The Invention of Craft
By Glenn Adamson
Bloomsbury Academic, 2013
Hardcover, 272 pages. 6 5/8 x 9 5/8 inches
What’s most important about Glenn Adamson’s The Invention of Craft is that it is a good read, to dispense with an important cliché. The second is that the title, while in debt to Larry Shiner’s Invention of Art (2003), is not wholly accurate, for this does not extend to cover “the invention of studio craft” nor does it really look back in deep time with a shovel or pick axe. Instead, we are introduced to the long nineteenth century, albeit one that careens at the end of each chapter towards twenty-first century anecdotal parallels. If the author tests the elasticity of temporal constructs, he should be forgiven for trying earnestly to be a relevant and up-to-date pedant; he wisely wants contemporary readers.

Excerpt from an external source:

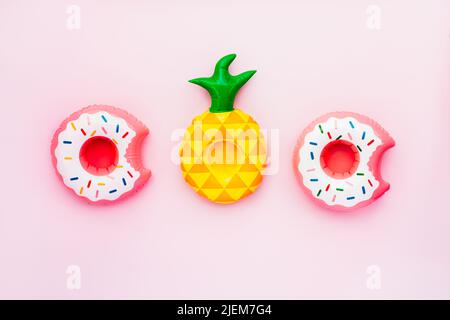 Top view inflatable toy rings on pink Background. Drinks Holders for Swimming Pool Party in Shape of Donuts and pineapple. Flat lay, selective focus, Stock Photo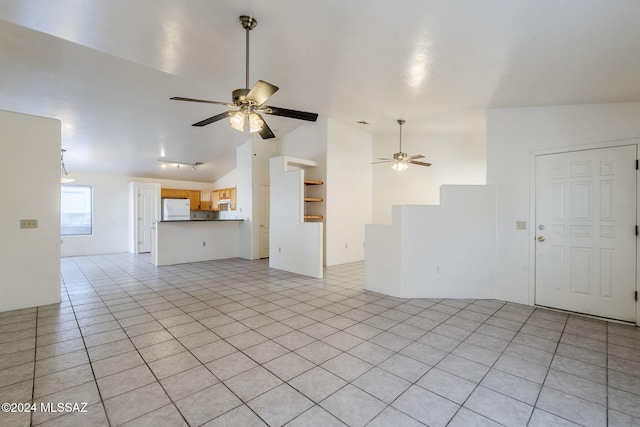 unfurnished living room with ceiling fan, light tile patterned floors, and vaulted ceiling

The third most important aspect of the book is that it exhibits perhaps the most serious dismantling of “handicraft” to date, and for that reason might just as well have been titled The Invention of Mechanical Art. Of four chapters, focused nominally on “Mystery,” “Manipulation,” “Mechanical” and “Memory,” it is the third which gathers evidence into a symmetrical ring of fire. I could be wrong to think that the other chapters dash and prance around almost too much evidence to maintain their unity –the author’s brilliance and rhetorical fireworks are still only become more skillful.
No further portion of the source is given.